Department of Bioinformatics and Genomics, Center for Bioinformatics Research, the University of North Carolina at Charlotte, Charlotte, NC 28223, USA.
BMC Bioinformatics. 2010 Jul 23;11:397. doi: 10.1186/1471-2105-11-397.
Our current understanding of transcription factor binding sites (TFBSs) in sequenced prokaryotic genomes is very limited due to the lack of an accurate and efficient computational method for the prediction of TFBSs at a genome scale. In an attempt to change this situation, we have recently developed a comparative genomics based algorithm called GLECLUBS for de novo genome-wide prediction of TFBSs in a target genome. Although GLECLUBS has achieved rather high prediction accuracy of TFBSs in a target genome, it is still not efficient enough to be applied to all the sequenced prokaryotic genomes.

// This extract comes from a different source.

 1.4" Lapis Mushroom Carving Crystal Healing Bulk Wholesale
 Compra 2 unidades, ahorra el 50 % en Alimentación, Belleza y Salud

Here, we designed a new algorithm based on GLECLUBS called extended GLECLUBS (eGLECLUBS) for simultaneous prediction of TFBSs in a group of related prokaryotic genomes. When tested on a group of gamma-proteobacterial genomes including E. coli K12, a group of firmicutes genomes including B. subtilis and a group of cyanobacterial genomes using the same parameter settings, eGLECLUBS predicts more than 82% of known TFBSs in extracted inter-operonic sequences in both E. coli K12 and B. subtilis. Because each genome in a group is equally treated, it is highly likely that similar prediction accuracy has been achieved for each genome in the group.
We have developed a new algorithm for genome-wide de novo prediction of TFBSs in a group of related prokaryotic genomes. The algorithm has achieved the same level of accuracy and robustness as its predecessor GLECLUBS, but can work on dozens of genomes at the same time.
由于缺乏一种准确有效的计算方法来预测基因组范围内的转录因子结合位点(TFBS),我们目前对测序原核基因组中的 TFBS 的理解非常有限。为了改变这种情况,我们最近开发了一种基于比较基因组学的算法,称为 GLECLUBS,用于在目标基因组中进行 TFBS 的从头全基因组预测。尽管 GLECLUBS 在目标基因组中实现了相当高的 TFBS 预测准确性,但它的效率仍然不够高,无法应用于所有测序的原核基因组。
在这里,我们设计了一种基于 GLECLUBS 的新算法,称为扩展 GLECLUBS(eGLECLUBS),用于同时预测一组相关原核基因组中的 TFBS。当使用相同的参数设置在包括 E. coli K12 的一组γ-变形杆菌基因组、包括 B. subtilis 的一组Firmicutes 基因组和一组蓝藻基因组上进行测试时,eGLECLUBS 在提取的 E. coli K12 和 B. subtilis 中的种间序列中预测了超过 82%的已知 TFBS。由于组中的每个基因组都被平等对待,因此很可能在组中的每个基因组中都实现了类似的预测准确性。
我们已经开发了一种新的算法,用于在一组相关的原核基因组中进行全基因组从头预测 TFBS。该算法与其前身 GLECLUBS 具有相同的准确性和稳健性,但可以同时处理几十个基因组。